Tutti gli imputati che erano stati condannati per il sequestro di Alma Shalabayeva sono stati assolti in appello

Alma Shalabayeva durante una conferenza stampa a Parigi nel 2016 (AP Photo/Thibault Camus)
Alma Shalabayeva durante una conferenza stampa a Parigi nel 2016 (AP Photo/Thibault Camus)

Giovedì la Corte d’appello di Perugia ha assolto, ribaltando la sentenza di primo grado, Renato Cortese e Maurizio Improta, rispettivamente ex capo della Squadra mobile della polizia di Roma ed ex dirigente dell’ufficio immigrazione, che a ottobre del 2020 erano stati condannati a cinque anni di carcere per aver sequestrato nel 2013 Alma Shalabayeva, moglie di un dissidente kazako. Assieme a Cortese e Improta sono state assolte anche le altre cinque persone che erano state condannate con loro (quattro poliziotti e una giudice di pace). Il giudice della Corte d’appello ha ribaltato la dura sentenza di primo grado sostenendo che «il fatto non sussiste».

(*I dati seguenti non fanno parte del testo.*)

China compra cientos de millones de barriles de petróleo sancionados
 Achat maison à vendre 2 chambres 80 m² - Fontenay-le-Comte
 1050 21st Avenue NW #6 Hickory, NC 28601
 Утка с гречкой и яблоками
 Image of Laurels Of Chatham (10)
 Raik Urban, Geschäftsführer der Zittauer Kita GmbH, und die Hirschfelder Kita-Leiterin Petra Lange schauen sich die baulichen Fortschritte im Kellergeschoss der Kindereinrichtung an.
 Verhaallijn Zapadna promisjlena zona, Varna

Il caso risale al 29 maggio 2013: Alma Shalabayeva, moglie del dissidente kazako Mukhtar Ablyazov, fu prelevata insieme alla figlia dalla polizia, nella sua casa di Casalpalocco, a Roma, e fu imbarcata su un aereo ed espulsa dall’Italia. La polizia in realtà cercava Ablyazov, nei confronti del quale era stato emesso un mandato d’arresto internazionale, ma la moglie e la figlia furono estradate rapidamente con un volo privato con l’accusa di possesso di passaporto falso. I poliziotti che portarono avanti l’operazione furono condannati in primo grado per sequestro di persona e per falso ideologico: il caso, intricato, attirò molta attenzione e l’espulsione, giudicata immotivata, causò le dimissioni del capo di gabinetto del ministero dell’Interno Giuseppe Procaccini e una mozione di sfiducia per il ministro Angelino Alfano, che però venne bocciata.

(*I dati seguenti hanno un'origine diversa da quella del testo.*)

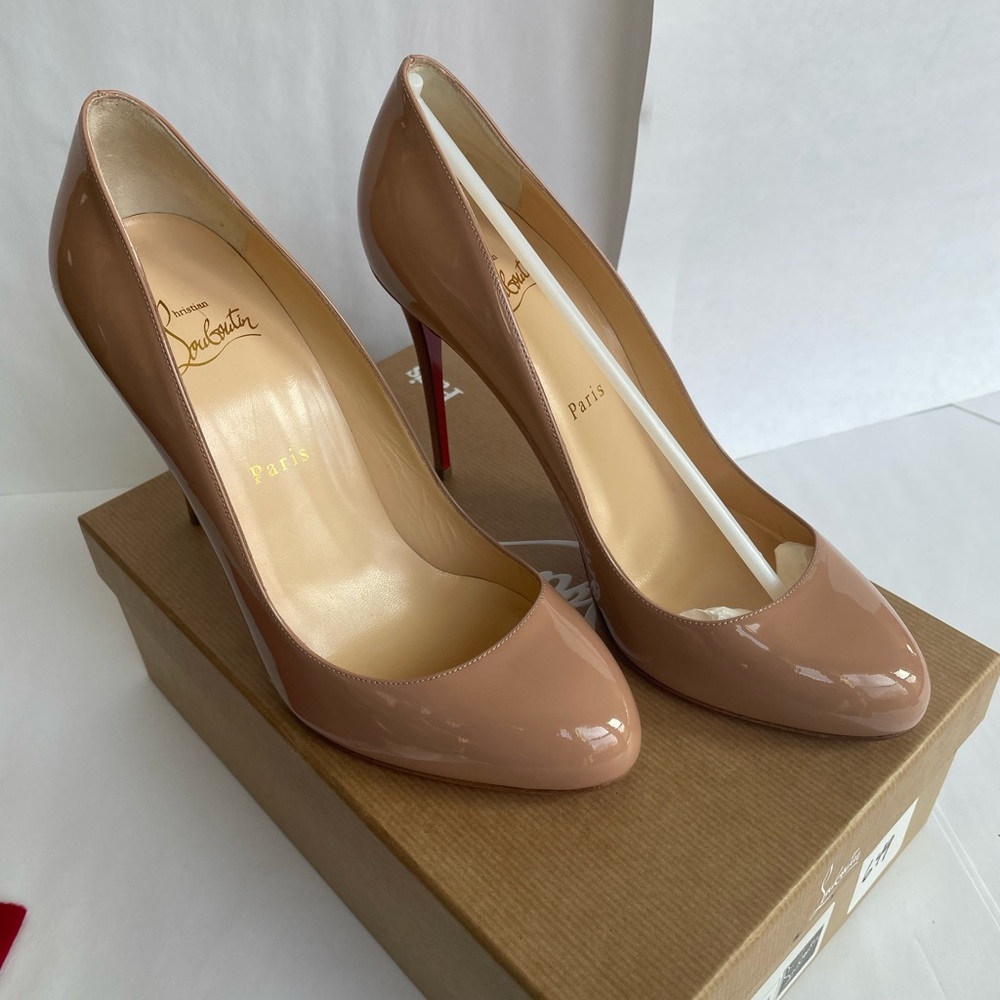 Christian Louboutin Nude Patent 4” Heel Pump Size 39.5 NWOT
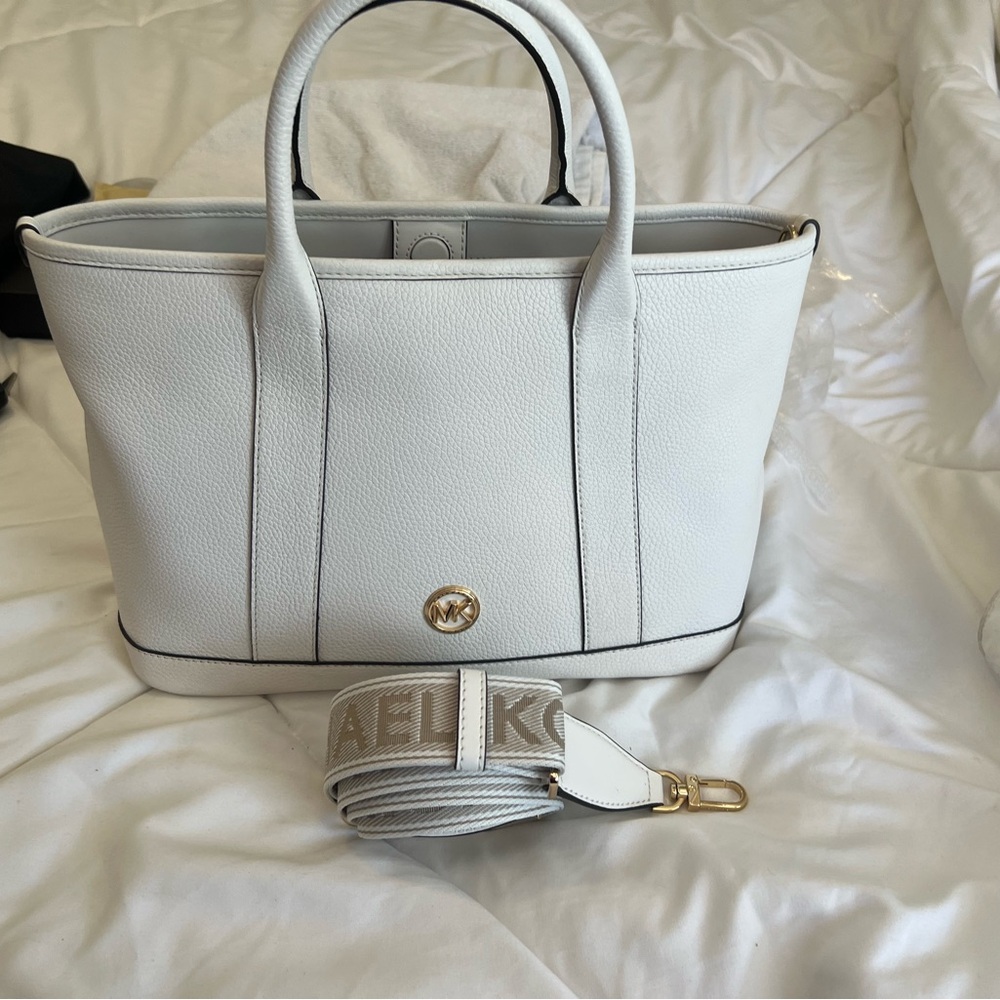 Michael Kors White Tote with Gold Details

Il giudice della Corte d’appello di Perugia ha 90 giorni per depositare le motivazioni della sentenza, e dunque per ora non è possibile conoscere con precisione le ragioni dell’assoluzione. Negli scorsi mesi era tuttavia emerso che, al momento della sua espulsione dall’Italia, Shalabayeva era effettivamente in possesso di un documento falso, non aveva i documenti necessari a soggiornare regolarmente in Italia e non risultava beneficiaria di asilo politico, status che le fu riconosciuto solo nel 2014, quando nel frattempo era tornata in Italia. Se le motivazioni della sentenza fossero queste, significherebbe che il tribunale d’appello si è concentrato sugli aspetti procedurali e ha ridimensionato quelli politici, cioè il fatto che quando fu espulsa Shalabayeva era la moglie di un importante dissidente contro un regime autoritario.